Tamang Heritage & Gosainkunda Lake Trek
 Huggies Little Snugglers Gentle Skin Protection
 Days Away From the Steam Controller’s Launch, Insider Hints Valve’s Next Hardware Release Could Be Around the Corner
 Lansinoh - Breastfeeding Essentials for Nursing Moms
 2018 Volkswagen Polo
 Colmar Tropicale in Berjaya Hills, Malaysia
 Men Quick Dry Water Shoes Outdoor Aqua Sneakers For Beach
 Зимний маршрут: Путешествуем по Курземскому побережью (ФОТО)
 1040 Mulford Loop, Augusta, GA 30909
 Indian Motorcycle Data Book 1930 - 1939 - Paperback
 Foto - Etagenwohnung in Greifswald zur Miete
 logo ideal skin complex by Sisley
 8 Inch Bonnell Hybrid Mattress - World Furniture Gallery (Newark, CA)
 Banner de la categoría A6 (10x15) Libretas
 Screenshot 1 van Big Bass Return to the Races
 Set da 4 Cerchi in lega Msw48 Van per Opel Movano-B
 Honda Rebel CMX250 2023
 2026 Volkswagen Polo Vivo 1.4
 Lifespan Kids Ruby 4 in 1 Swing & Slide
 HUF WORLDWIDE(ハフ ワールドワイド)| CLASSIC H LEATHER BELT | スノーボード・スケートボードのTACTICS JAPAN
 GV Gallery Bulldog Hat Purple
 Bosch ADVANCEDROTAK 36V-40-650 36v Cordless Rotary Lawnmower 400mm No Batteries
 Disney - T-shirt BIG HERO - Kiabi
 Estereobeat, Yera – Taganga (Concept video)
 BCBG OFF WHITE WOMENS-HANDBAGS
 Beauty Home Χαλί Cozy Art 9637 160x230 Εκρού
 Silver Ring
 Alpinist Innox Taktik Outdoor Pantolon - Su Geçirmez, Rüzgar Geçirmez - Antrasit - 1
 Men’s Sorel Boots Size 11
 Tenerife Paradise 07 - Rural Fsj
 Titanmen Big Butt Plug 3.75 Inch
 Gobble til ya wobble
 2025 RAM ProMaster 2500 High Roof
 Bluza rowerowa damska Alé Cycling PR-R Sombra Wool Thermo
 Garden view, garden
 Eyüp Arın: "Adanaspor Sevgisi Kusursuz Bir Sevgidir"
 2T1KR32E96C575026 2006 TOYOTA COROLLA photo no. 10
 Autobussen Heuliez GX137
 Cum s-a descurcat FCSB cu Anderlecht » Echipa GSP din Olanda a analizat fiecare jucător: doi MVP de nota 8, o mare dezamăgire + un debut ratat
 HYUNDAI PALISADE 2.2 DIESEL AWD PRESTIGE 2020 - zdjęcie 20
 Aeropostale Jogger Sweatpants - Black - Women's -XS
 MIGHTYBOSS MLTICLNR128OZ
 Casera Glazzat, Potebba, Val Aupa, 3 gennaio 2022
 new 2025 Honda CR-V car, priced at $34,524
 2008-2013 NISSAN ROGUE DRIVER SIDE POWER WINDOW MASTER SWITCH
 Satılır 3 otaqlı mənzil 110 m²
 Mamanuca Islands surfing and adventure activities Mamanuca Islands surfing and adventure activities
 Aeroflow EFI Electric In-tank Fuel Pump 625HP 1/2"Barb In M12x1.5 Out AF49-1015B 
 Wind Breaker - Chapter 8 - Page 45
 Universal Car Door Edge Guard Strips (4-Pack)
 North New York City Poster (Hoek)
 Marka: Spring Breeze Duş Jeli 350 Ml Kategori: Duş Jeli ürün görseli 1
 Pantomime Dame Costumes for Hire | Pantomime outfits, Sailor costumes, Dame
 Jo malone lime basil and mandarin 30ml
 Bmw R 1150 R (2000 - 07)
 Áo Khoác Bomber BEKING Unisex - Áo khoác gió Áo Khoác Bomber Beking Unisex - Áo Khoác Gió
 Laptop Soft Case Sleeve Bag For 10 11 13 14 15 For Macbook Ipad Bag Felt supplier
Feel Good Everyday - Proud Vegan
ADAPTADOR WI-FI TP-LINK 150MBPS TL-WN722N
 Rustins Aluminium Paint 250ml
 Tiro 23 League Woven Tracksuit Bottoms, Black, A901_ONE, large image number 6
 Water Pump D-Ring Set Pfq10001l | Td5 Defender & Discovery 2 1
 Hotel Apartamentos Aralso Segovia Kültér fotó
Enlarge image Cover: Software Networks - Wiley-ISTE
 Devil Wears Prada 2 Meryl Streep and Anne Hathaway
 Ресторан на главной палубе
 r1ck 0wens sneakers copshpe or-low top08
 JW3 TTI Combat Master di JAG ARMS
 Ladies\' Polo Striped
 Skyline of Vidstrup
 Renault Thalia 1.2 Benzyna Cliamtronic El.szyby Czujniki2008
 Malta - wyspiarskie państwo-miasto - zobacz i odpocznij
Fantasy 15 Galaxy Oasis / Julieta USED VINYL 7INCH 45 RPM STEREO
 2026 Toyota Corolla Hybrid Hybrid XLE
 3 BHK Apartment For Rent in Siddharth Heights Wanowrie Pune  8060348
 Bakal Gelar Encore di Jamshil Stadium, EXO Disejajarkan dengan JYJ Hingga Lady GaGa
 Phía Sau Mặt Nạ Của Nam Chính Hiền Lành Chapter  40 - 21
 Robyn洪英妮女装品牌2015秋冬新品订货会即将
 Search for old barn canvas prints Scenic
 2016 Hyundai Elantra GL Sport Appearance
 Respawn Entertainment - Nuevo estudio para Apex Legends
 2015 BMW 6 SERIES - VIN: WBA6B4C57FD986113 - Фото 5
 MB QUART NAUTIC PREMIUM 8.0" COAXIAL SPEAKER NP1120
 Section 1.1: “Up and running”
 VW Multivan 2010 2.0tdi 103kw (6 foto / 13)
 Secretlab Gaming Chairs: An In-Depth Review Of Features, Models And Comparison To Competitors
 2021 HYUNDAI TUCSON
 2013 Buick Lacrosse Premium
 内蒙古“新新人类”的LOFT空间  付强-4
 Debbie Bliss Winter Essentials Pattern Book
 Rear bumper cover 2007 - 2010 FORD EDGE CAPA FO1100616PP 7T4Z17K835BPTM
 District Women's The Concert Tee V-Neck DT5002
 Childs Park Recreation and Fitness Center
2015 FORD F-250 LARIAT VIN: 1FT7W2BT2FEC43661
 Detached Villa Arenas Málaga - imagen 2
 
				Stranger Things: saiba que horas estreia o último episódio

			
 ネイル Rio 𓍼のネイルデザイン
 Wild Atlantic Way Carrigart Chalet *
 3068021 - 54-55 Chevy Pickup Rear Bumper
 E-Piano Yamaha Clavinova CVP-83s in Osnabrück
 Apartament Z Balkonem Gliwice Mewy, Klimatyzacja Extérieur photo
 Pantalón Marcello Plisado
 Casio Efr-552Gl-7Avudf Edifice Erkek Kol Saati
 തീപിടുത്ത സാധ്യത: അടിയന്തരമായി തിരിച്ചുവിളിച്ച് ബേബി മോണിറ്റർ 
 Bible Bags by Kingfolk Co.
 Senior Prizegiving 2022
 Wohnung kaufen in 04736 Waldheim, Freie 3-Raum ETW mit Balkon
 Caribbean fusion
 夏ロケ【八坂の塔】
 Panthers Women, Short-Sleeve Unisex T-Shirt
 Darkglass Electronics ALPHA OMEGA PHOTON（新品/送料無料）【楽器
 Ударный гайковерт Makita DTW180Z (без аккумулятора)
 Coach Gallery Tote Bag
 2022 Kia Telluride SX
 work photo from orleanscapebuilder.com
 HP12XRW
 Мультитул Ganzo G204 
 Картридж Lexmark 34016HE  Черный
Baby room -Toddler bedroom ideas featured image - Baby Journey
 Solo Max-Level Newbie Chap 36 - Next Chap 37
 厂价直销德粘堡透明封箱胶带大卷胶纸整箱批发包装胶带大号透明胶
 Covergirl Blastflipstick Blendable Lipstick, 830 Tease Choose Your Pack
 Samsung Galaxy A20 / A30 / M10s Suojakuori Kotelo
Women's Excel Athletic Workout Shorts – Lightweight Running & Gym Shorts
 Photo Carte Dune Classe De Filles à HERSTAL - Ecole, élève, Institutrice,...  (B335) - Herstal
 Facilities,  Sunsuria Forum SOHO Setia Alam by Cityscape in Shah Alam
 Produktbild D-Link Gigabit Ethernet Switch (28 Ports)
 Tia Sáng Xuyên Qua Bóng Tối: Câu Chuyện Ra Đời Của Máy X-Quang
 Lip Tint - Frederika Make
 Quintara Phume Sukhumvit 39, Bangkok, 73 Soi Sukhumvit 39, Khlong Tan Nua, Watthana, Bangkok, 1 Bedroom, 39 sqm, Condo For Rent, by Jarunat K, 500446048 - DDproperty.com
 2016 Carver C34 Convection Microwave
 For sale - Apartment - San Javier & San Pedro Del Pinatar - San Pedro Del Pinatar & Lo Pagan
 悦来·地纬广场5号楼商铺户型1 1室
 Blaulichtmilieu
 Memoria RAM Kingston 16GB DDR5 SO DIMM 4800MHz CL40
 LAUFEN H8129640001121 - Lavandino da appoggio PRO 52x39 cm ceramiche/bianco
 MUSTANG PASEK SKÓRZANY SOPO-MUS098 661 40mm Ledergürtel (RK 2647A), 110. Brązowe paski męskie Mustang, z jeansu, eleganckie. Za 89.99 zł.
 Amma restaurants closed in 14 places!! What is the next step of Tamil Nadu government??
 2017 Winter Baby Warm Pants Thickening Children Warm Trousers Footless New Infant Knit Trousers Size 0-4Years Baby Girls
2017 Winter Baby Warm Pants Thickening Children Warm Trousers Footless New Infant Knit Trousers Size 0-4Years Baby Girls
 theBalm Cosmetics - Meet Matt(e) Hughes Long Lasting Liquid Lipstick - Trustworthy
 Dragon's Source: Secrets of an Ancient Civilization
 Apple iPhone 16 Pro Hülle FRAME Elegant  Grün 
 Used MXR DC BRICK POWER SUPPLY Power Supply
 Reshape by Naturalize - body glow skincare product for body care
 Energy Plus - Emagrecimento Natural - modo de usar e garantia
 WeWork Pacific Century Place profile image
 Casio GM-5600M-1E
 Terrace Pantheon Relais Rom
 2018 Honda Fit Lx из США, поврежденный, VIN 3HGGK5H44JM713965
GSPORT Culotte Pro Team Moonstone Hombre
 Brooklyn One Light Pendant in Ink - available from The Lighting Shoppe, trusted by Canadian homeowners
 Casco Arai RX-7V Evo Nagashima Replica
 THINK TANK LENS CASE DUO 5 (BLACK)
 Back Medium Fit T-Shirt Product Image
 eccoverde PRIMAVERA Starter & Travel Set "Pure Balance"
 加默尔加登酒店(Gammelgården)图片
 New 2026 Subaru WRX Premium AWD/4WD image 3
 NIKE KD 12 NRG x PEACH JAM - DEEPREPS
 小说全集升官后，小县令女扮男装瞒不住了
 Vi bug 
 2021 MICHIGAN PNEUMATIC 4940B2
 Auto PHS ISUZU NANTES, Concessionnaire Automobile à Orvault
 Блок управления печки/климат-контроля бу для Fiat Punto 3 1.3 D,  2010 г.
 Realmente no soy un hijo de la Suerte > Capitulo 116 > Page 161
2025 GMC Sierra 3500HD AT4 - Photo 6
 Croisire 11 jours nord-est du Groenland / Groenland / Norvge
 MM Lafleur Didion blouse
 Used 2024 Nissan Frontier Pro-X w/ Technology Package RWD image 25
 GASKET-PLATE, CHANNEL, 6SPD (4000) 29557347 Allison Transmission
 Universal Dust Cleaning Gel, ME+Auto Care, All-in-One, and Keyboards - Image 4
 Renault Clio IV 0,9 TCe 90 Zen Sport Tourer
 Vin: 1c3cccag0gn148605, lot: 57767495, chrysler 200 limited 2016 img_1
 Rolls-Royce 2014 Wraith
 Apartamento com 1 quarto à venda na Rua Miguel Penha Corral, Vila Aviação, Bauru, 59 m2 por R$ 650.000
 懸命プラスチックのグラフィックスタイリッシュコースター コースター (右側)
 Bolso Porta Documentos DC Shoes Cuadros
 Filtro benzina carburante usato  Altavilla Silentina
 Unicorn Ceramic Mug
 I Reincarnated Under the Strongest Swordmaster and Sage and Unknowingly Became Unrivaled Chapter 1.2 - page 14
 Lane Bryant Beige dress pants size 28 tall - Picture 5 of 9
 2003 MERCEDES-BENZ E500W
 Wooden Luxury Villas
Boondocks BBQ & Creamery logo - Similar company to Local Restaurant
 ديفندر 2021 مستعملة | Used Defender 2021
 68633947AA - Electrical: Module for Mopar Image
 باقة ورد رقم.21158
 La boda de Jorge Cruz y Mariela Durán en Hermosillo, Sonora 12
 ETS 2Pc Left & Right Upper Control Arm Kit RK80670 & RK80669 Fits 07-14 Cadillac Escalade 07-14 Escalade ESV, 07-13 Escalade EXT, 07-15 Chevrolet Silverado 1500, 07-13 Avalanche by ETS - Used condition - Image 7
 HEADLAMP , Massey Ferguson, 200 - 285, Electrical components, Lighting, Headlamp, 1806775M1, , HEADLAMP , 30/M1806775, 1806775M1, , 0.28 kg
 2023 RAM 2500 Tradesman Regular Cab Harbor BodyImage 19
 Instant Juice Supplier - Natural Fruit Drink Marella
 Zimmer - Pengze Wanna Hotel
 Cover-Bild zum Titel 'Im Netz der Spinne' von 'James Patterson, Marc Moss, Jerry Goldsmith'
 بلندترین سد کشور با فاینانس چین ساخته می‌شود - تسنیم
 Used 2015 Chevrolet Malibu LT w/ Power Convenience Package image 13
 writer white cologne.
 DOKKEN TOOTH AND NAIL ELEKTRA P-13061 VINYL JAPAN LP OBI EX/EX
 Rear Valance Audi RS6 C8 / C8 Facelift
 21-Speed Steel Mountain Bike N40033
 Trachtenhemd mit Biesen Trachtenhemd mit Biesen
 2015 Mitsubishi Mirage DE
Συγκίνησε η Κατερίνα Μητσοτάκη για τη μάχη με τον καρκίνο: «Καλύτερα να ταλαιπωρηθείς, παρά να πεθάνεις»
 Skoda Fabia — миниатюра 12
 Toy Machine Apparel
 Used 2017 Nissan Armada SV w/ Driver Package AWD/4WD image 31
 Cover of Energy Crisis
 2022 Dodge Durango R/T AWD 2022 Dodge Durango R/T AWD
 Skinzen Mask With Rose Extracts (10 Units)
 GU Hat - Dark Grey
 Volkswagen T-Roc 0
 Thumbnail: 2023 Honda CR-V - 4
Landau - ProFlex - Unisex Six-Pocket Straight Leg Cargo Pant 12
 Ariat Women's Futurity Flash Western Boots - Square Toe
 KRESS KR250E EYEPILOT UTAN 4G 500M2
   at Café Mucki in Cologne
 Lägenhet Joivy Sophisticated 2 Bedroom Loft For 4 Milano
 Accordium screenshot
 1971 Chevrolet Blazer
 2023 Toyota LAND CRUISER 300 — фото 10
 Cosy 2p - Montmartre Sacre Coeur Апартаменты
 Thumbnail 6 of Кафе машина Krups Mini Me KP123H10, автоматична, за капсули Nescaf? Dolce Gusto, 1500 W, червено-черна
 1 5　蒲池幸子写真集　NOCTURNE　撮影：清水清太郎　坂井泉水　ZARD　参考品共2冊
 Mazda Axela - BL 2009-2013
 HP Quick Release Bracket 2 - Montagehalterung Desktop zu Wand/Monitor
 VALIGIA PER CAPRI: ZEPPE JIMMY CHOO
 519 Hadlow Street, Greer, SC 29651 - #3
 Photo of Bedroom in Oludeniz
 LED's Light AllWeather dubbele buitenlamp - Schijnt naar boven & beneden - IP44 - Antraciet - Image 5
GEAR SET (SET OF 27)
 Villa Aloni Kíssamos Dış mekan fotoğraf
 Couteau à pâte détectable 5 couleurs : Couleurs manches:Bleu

● What is being asked: Both the first line of the records above and the line containing "1040 Mulford Loop, Augusta, GA 30909" are to be transcribed exactly, together with every line between them, and nothing else.

● Result of this exercise:
Tamang Heritage & Gosainkunda Lake Trek
 Huggies Little Snugglers Gentle Skin Protection
 Days Away From the Steam Controller’s Launch, Insider Hints Valve’s Next Hardware Release Could Be Around the Corner
 Lansinoh - Breastfeeding Essentials for Nursing Moms
 2018 Volkswagen Polo
 Colmar Tropicale in Berjaya Hills, Malaysia
 Men Quick Dry Water Shoes Outdoor Aqua Sneakers For Beach
 Зимний маршрут: Путешествуем по Курземскому побережью (ФОТО)
 1040 Mulford Loop, Augusta, GA 30909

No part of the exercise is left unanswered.